Measuring crawl efficiency
Crawl efficiency is the share of a search engine's crawling effort that lands on pages you actually want indexed — versus effort wasted on duplicates, dead ends, and junk. On a small site it barely registers; on a large one it's decisive, because crawl budget is finite and every request spent on a useless URL is a request not spent on a valuable one. This guide covers what eats crawl efficiency, how to measure it, and how to claw it back.
Run the Crawl Depth Checker on your site — free, no account.
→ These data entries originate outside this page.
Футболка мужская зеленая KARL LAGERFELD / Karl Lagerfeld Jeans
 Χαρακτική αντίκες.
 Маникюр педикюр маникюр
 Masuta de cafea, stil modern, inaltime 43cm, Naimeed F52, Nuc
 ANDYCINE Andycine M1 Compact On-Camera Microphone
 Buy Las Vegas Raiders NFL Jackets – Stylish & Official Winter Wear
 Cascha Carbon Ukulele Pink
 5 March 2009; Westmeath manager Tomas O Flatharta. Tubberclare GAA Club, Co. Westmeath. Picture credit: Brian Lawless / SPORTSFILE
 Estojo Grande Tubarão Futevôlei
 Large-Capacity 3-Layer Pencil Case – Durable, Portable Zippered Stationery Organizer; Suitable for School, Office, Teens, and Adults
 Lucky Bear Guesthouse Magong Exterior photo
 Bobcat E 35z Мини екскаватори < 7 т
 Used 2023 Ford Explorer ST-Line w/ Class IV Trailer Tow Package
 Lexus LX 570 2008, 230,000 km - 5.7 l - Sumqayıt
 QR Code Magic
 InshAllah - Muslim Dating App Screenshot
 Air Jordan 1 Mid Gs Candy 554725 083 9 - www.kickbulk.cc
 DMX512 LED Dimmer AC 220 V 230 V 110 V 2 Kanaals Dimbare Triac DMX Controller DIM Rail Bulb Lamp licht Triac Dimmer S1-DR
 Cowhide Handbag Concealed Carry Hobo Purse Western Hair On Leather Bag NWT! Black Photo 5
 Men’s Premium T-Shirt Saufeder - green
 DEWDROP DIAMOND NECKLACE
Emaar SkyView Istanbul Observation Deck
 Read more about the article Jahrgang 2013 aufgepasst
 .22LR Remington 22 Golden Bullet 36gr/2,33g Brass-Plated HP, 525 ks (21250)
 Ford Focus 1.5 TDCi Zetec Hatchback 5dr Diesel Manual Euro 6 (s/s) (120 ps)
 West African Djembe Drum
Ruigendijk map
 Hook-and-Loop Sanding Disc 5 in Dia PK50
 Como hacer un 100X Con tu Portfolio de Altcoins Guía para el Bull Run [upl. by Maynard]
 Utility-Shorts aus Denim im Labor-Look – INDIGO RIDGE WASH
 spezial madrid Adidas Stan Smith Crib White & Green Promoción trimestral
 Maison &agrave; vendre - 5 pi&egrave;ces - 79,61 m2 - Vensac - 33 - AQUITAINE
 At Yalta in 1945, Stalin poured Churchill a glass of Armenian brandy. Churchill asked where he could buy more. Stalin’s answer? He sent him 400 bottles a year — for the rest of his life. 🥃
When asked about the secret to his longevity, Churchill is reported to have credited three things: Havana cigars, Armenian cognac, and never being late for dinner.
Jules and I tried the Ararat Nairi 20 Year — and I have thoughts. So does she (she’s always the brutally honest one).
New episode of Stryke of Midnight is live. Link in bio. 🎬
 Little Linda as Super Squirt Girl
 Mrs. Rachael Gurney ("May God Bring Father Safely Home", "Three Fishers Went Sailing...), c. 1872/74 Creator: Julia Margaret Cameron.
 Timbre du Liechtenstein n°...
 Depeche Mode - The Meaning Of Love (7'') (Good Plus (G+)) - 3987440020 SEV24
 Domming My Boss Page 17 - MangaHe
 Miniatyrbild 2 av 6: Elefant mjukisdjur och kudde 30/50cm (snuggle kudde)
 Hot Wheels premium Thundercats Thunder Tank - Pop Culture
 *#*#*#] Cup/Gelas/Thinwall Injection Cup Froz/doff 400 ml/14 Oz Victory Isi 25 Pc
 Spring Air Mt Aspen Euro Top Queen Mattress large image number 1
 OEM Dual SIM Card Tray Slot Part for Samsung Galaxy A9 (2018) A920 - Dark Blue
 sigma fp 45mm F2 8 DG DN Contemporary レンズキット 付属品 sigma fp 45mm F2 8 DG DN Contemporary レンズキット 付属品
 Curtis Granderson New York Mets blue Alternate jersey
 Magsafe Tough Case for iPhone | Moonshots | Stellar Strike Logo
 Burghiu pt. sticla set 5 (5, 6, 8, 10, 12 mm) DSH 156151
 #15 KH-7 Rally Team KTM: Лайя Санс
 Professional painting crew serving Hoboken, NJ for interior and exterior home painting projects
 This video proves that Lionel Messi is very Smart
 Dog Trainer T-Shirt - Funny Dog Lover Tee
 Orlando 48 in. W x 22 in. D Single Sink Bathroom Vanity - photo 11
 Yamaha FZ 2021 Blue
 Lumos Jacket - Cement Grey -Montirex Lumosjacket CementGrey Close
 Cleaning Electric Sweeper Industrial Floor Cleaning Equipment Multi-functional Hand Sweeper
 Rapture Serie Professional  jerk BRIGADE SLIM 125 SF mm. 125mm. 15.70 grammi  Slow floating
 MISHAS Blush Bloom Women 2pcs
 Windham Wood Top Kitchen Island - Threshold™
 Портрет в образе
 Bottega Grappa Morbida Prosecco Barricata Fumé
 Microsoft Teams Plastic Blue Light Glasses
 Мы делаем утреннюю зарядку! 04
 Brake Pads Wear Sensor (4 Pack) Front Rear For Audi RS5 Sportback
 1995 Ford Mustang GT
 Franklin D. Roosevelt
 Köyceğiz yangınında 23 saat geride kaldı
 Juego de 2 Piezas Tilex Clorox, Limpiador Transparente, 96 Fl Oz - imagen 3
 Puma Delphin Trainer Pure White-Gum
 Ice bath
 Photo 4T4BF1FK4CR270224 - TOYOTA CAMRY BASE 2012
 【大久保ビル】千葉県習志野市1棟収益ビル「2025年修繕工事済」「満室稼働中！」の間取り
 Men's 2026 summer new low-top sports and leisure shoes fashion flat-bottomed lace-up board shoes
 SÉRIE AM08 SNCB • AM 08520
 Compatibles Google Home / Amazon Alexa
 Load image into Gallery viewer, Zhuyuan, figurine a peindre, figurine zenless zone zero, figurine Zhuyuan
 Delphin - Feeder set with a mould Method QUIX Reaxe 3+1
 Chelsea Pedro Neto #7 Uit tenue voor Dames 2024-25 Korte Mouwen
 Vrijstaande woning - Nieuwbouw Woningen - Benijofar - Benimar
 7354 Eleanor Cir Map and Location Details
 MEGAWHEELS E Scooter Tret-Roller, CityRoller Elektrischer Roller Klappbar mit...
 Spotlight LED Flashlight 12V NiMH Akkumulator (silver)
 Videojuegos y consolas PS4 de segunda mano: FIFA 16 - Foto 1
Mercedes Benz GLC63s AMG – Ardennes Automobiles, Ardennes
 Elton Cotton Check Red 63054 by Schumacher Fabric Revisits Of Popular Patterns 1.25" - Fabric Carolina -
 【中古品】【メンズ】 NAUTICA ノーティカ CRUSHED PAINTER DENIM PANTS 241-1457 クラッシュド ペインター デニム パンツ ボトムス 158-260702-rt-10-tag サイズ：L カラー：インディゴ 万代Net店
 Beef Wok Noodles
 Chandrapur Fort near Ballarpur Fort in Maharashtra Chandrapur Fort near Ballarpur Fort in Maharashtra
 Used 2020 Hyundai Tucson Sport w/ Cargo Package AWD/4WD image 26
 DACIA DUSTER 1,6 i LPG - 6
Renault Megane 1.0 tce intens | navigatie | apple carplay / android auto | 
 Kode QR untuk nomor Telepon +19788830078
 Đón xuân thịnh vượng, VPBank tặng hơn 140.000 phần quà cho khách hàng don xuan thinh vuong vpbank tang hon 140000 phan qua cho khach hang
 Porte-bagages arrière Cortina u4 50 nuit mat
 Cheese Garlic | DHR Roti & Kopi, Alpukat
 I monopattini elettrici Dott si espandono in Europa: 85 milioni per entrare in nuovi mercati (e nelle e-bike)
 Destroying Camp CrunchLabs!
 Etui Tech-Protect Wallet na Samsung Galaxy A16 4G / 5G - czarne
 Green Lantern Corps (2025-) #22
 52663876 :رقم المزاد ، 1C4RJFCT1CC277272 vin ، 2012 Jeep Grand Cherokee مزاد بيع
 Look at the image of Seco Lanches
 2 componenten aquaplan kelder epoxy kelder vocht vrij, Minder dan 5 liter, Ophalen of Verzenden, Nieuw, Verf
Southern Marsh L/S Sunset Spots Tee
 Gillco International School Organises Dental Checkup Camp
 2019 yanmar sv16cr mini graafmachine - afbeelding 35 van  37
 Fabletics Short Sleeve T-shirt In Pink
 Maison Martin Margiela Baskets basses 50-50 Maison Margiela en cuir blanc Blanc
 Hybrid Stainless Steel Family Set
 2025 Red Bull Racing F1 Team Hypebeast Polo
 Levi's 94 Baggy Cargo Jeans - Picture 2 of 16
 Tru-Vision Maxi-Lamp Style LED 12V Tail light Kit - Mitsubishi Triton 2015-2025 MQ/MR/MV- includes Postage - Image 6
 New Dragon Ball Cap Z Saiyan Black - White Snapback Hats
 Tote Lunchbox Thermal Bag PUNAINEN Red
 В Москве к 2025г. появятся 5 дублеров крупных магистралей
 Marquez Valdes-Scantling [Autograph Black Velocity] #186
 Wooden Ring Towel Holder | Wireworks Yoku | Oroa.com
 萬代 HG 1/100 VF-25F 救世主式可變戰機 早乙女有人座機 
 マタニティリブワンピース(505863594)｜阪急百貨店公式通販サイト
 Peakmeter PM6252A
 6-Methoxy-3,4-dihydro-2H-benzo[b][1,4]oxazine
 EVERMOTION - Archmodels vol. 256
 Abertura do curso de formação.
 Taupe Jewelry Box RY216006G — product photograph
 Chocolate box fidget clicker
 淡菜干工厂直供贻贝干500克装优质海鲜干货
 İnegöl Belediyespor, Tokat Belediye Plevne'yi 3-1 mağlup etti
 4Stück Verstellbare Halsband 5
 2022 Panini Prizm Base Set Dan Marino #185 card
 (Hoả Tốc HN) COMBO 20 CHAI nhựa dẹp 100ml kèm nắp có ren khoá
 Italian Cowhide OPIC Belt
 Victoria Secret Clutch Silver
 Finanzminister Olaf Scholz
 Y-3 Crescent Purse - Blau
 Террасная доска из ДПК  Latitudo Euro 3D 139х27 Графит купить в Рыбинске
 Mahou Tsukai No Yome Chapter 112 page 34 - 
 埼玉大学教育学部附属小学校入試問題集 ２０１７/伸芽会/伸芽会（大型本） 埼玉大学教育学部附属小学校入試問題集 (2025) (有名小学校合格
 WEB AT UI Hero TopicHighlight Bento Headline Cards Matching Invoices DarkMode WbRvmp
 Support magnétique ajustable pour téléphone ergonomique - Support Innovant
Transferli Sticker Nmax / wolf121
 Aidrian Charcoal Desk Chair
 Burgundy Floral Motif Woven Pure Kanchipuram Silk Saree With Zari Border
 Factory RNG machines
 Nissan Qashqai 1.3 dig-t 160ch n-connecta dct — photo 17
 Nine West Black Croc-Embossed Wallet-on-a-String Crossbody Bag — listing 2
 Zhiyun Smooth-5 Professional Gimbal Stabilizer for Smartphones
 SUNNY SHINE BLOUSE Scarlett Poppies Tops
What crawl efficiency actually is
Search engines allocate each site a rough crawl budget — how many URLs they'll fetch in a given period, driven by the site's perceived importance and how fast/stable it responds. Crawl efficiency is how well that budget is spent: a high-efficiency site spends most of its crawl on canonical, valuable, indexable pages; a low-efficiency one burns it on parameter variants, soft 404s, redirect chains, and infinite filter combinations.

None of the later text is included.